4 years in the U.S. Senate equates to how many years as governor of Arkansas?

Monday, December 11, 2006 10:06 PM

JFK comparison apt

For once, the JFK comparisons are not hype. JFK won because he changed the rules that said he couldn’t get elected: his youth, his inexperience compared to the “big boys”, his Catholicism, his mastery of the medium of television.

If Obama can change the rules too, he wins. Hope as a saleable quality, candor and honesty, an innate fairness to one’s opponents. A generational change (he’s almost a boomer, but the Gen Xers get him). And on top of that sheer, unmissable charisma.

And what’s a President for, anyway? A President is not Legislator-in-Chief, but Commander-in-Chief; Head of State not Head of Politics. And through leadership, the national conscience.

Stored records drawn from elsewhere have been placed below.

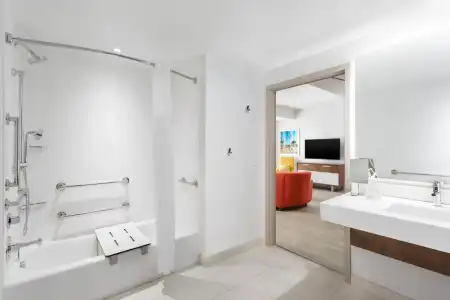 Courtyard by Marriott Santa Monica - 10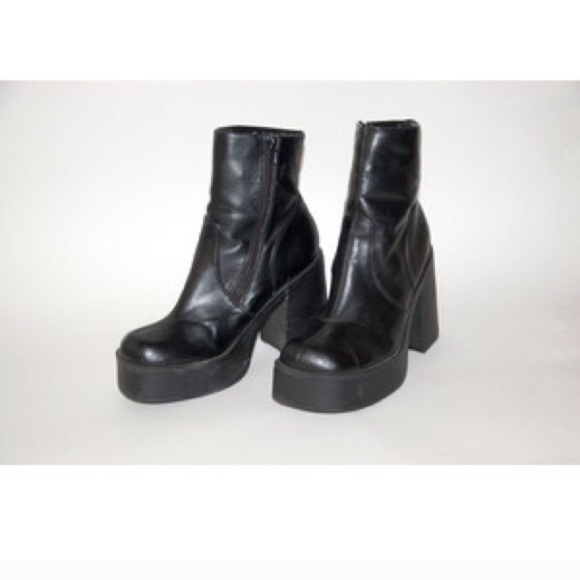 90's chunky boots
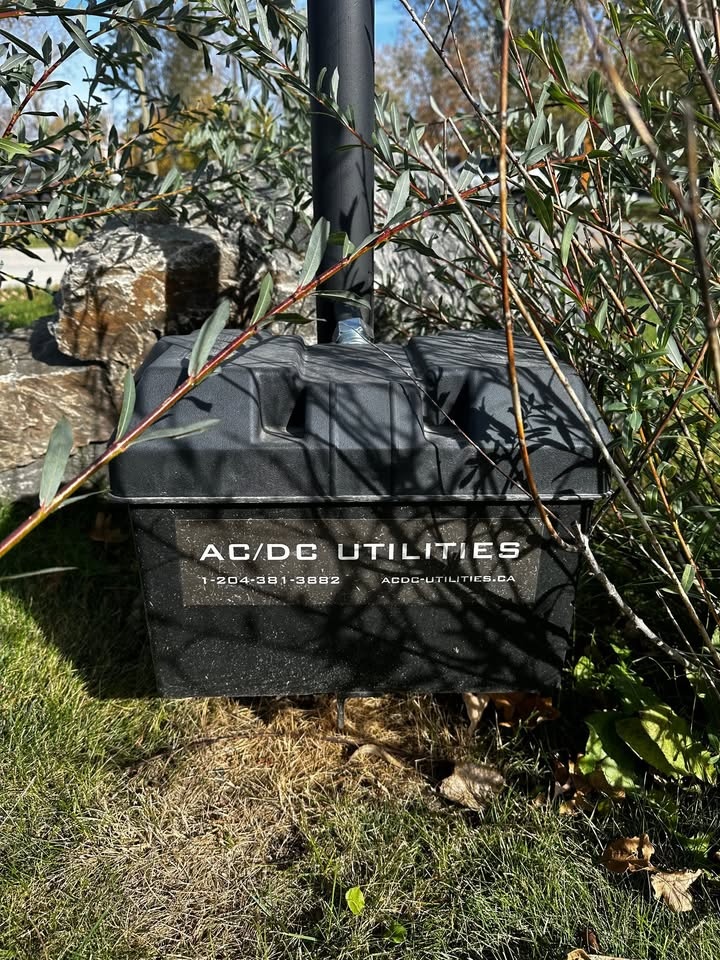 Commercial Solar LED Landscape Light System - photo 5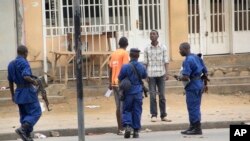 Une arrestation dans une rue à Bujumbura, Burundi le 3 février 2016.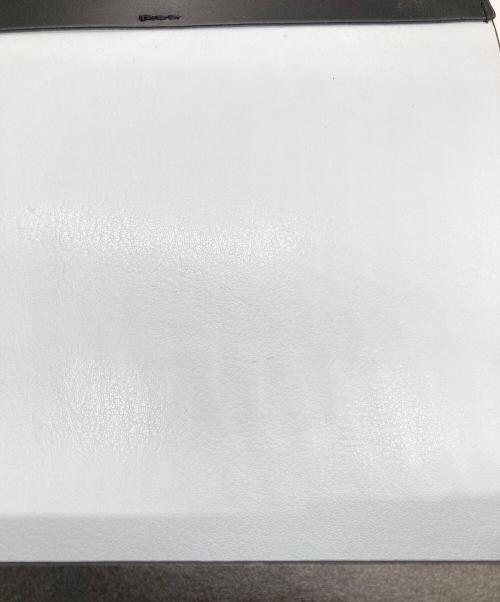 YAHKI（ヤーキ）YAHKI (ヤーキ) ハーフムーンフラップショルダーバッグ ブラックの古着・服飾アイテム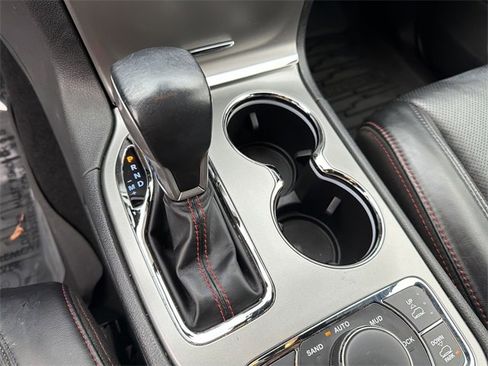 Used 2020 Jeep Grand Cherokee Trailhawk w/ Trailhawk Luxury Group image 30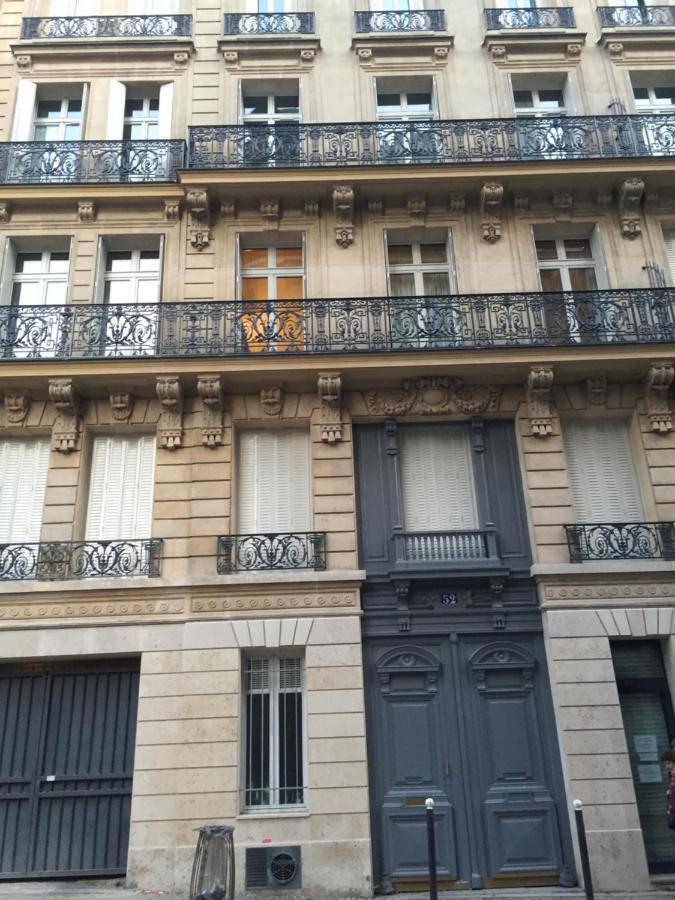 52 Clichy - D'hôtes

Monday, December 11, 2006 10:44 PM

Obama, the anti-Bush

The first black president of the Harvard Law Review. After six years of a lifelong failure who was plugged into the gutless Texass governorship by Rover and the boys how can anyone seriously ask if Obama has enough experience to be President. Truman? Ike? Lincoln, for crying out loud. A long resume of ass kissing won't cut it, and Hillary is a mud magnet. Every interview I've seen with Obama has been impressive in the extreme. Name a better choice: Kerry or Gore redux? Vilsak? Please.